El viaje parecía eterno. El agua salpicaba, fría y sucia, el murmullo constante de la gente era una mezcla de esperanza ingenua y pánico puro. Sentía cómo se me agotaba la poca tranquilidad que me quedaba, estábamos exhaustos tras casi 3 años de crispamiento. Ya no tenía más óbolos que dar. Estaba vacío, agotado, solo esperando el inevitable naufragio en el Hades.

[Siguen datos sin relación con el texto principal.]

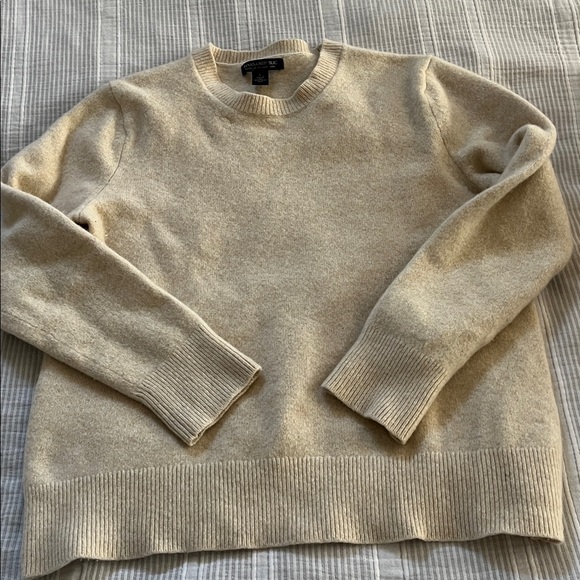 Banana Republic Tops - Banana Republic Cream Sweater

Y justo cuando la nave se inclinó de forma definitiva, cuando el agua comenzaba a inundarlo todo y el remero sonreía maliciosamente con aire de misión cumplida, sentí tierra firme bajo mis pies. La barca se había desvanecido. El sol brillaba con fuerza y el río trémulo ya no estaba. La pesadilla había terminado. Unos héroes de la embarcación se habían rebelado, logrando reunir a casi todos los navegantes contra el barquero, dándole un nuevo sentido a la vida, sin rencores ni venganzas prístinas de izquierdas y derechas. Y con ese alivio inmenso, por fin, me desperté.